The DPDP created the Data Protection Board of India (DPB), the first regulatory body in India focused on protecting personal data privacy. Like similar regulatory bodies, the DPB's goal is to oversee compliance and impose penalties on non-compliant organizations.

In August 2023, the Indian Parliament passed the Digital Personal Data Protection Act (DPDP Act), the first comprehensive data protection law of the country. The DPDP Act does not only apply to personal data processed within India, but also covers the personal data processed outside of India when done in relation to offering of goods and services to individuals in India. The Central Government and the Data Protection Board of India (DPB) are responsible for rulemaking and enforcement of the law, respectively.

Rights of Data Principals

The DPDP Act grants several key rights to Data Principals (individuals whose personal data is being processed). These rights include:

Right to Information and Access (Section 11)

Data Principals have the right to request and receive a summary of their personal data being processed, the reasons for processing, and the names of entities with which their data has been shared.

Right to Correction, Completion, and Erasure (Section 12)

Data Principals can request correction of inaccurate data, completion of incomplete data, updating of outdated information, and erasure of their personal data under certain conditions.

Right to Grievance Redressal (Section 13)

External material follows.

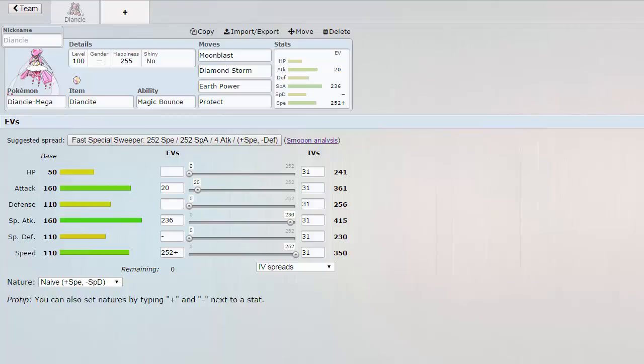Mega Diancie gives me a way to keep hazards and status away from my team and that's the most important part is that it bounces back anything that's not an attacking move. Just the presence of a Magic Bouncer on your team, as proved by A-Drive in the GBA Season 4, is deterring to your opponent to bring or to ever click hazards or status move in fear that it might backfire on them. So just the presence of having this Pokemon is very good.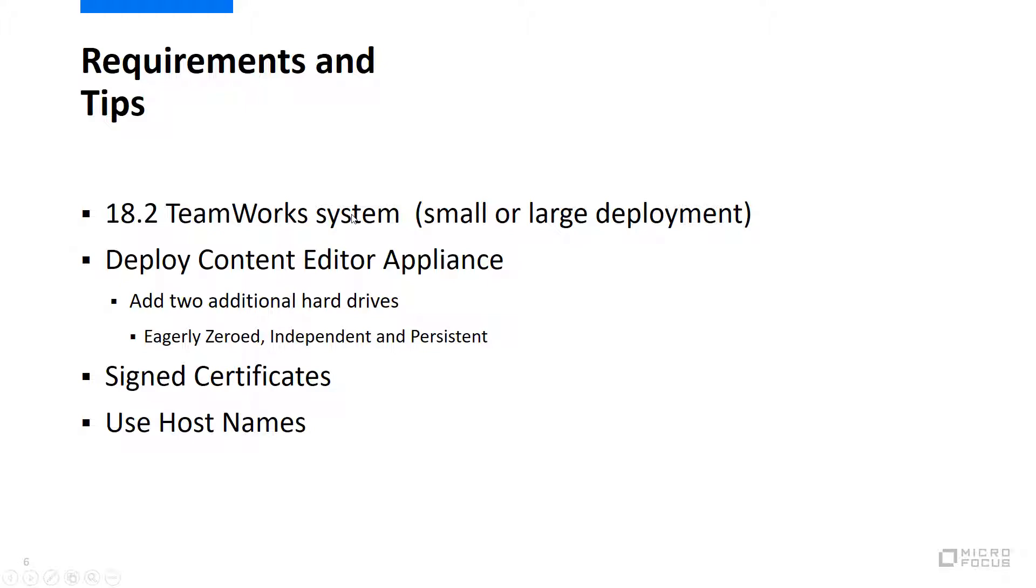You need to make sure you create the additional drives, one for data and one for logs, and then basically follow the wizards. I strongly recommend you use third-party certs. We can make the self-signed certs work, but it's awkward at best. Another tip, make sure you use the DNS names rather than IP addresses of your servers when you're linking them together.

Data Fiduciaries must establish accessible grievance redressal mechanisms to address complaints from Data Principals within a specified timeframe.

Right to Nominate (Section 14)

Data Principals can nominate representatives to exercise their data rights in cases of incapacity or posthumously.

The DPDP Act aims to empower individuals by granting them control over their personal data and ensuring transparency from Data Fiduciaries regarding data processing activities.

Responsibilities of Data Principals and Organizations

The DPDP Act outlines specific responsibilities for both Data Principals (individuals) and Organizations (Data Fiduciaries and Data Processors) to ensure data privacy and protection.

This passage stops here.